La mossa di Veltroni per dare il diritto al voto amministrativo agli immigrati è una trovata da quattro soldi dal punto di vista politico. Però bisognerà pensarci sul serio.

Mi spiego. La strumentalità è palese. Veltroni non presenta una proposta di legge. Non convoca il suo partito per chiamarlo a decidere sulle priorità. A freddo cosa fa? Cerca di mettere in difficoltà il centrodestra. Usa una affermazione di Gianfranco Fini, favorevole al riconoscimento di questa facoltà, non per ottenere lo scopo di far votare gli immigrati e quindi di aiutarne l’integrazione, ma per mettere Fini in contraddizione con se stesso, o più probabilmente per farlo litigare con i leghisti e con i suoi stessi deputati aennini.

Infatti, ognuno capisce che non è questa la priorità di cui oggi il Partito democratico possa far valere per mostrare la sua pertinenza storica. Le amministrative sono lontane. Il Parlamento è intasato da urgenze d’altro genere. La legge elettorale in discussione è semmai quella europea. Dunque il problema di Veltroni non è di far votare gli stranieri, ma di catturare qualche consenso in più al suo stesso interno.

Dal punto di vista liberale, la presa di posizione di Fini fu allora perfettamente corretta. E così oggi la richiesta di Veltroni dice la verità dal punto di vista del diritto formale. La questione è quella dell’opportunità politica e dell’utilità del voto – in questa situazione – per gli stessi immigrati. Con ogni evidenza se uno versa le tasse nel posto dove risiede ha diritto di esprimere il voto per scegliere chi amministrerà quei denari. È un principio liberale. Non si deroga dai principi.

La ragione di perplessità è un’altra. Oggi l’immigrazione è caratterizzata da ondate etniche. Si concentrano in un paese centinaia di persone che spesso fanno comunità a sé. Il diritto di voto amministrativo farebbe di queste comunità l’ago decisivo della bilancia. Sarebbe una lobby formidabile in grado di condizionare per ragioni extra-politiche la costituzione dei consigli comunali.

Faccio un esempio, per capirci. Desio è la mia città. Ha 38mila abitanti. C’è una comunità pachistana che oggi potrebbe depositare nell’urna più di 500 schede. Questa comunità lavora, non dà preoccupazioni quanto a reati: ma è totalmente separata, le famiglie trasferiscono le bambine in patria appena manifestano troppo amore per i costumi italiani o semplicemente vogliono proseguire il cammino scolastico.
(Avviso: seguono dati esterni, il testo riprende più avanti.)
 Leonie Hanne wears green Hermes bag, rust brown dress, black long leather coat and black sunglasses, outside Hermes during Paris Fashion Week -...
Questi 500 pachistani obbediscono al loro leader, è un fatto noto. Possiamo permetterci di lasciar scegliere loro il coloro dell’amministrazione prossima? Sulla base di quali criteri? Non si sa.
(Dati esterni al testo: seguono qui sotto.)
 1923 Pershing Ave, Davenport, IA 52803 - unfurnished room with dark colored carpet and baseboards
In queste condizioni occorre forse un approccio più lento alla questione del voto. Magari istituire per prova una presenza consultiva, un diritto di tribuna. In caso contrario si potrebbe generare un vulnus alla pace sociale. Crescerebbe in molti settori un’incomprensione verso lo straniero, accusato di invadere non solo il territorio ma anche la nostra democrazia.

Come si vede, spesso tra il diritto formale e la sua onesta applicazione c’è di mezzo il buon senso. Ma Veltroni di queste faccende non si interessa. Gli importa mettere in difficoltà l’avversario politico. E che l’Italia vada pure a ramengo.